DATA BELOW
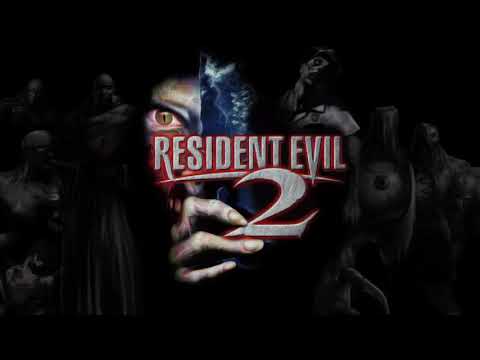 Resident Evil 1998 (Screaming Target) Remastered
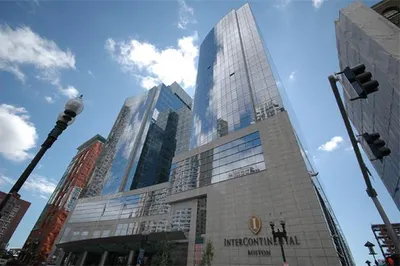 500 Atlantic Avenue #16H 1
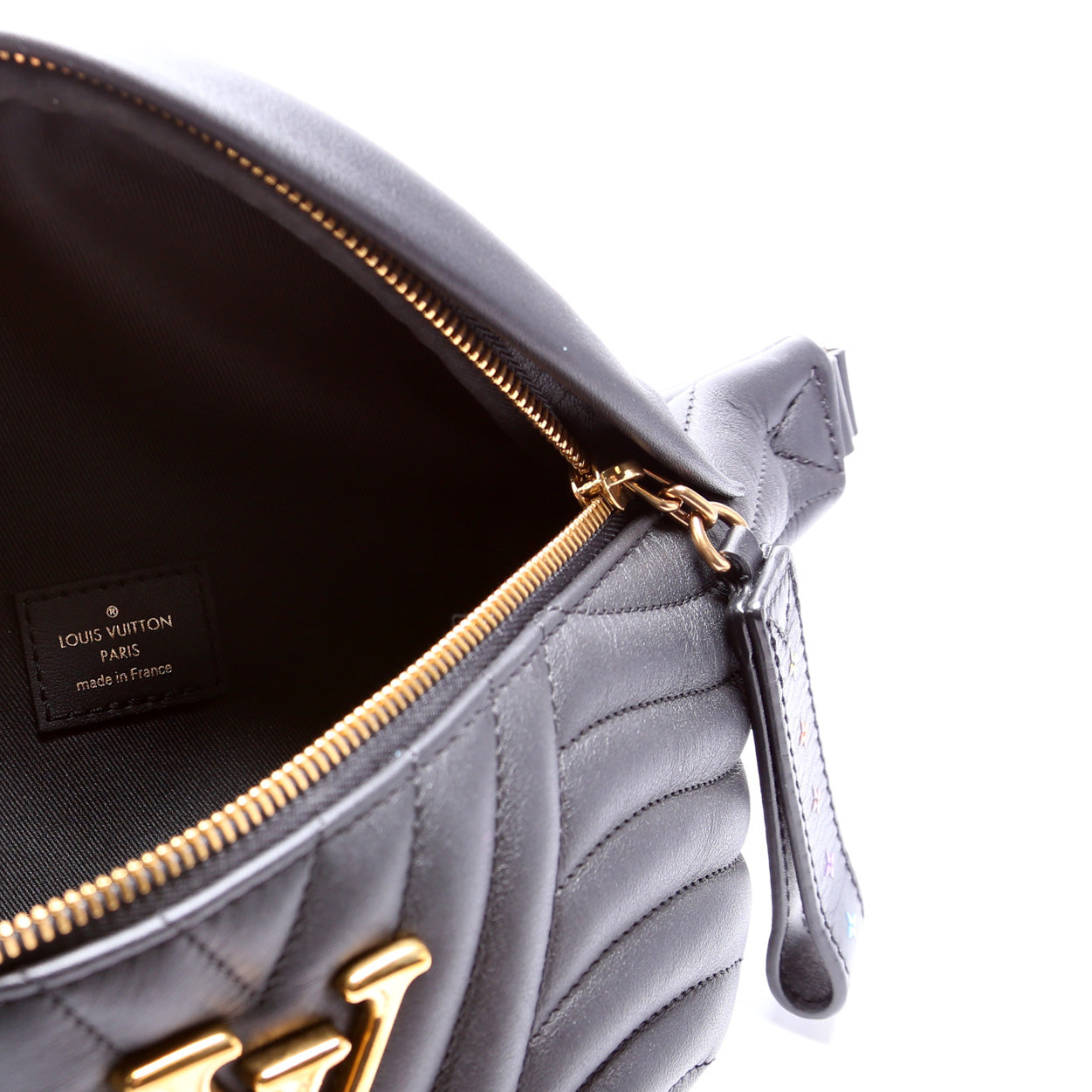 New Wave Bumbag – Keeks Designer Handbags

WHAT TO WORK ON
Once the images are removed, print the remaining data exactly as it appears above.

COMPLETED TASK
 Resident Evil 1998 (Screaming Target) Remastered
 500 Atlantic Avenue #16H 1
 New Wave Bumbag – Keeks Designer Handbags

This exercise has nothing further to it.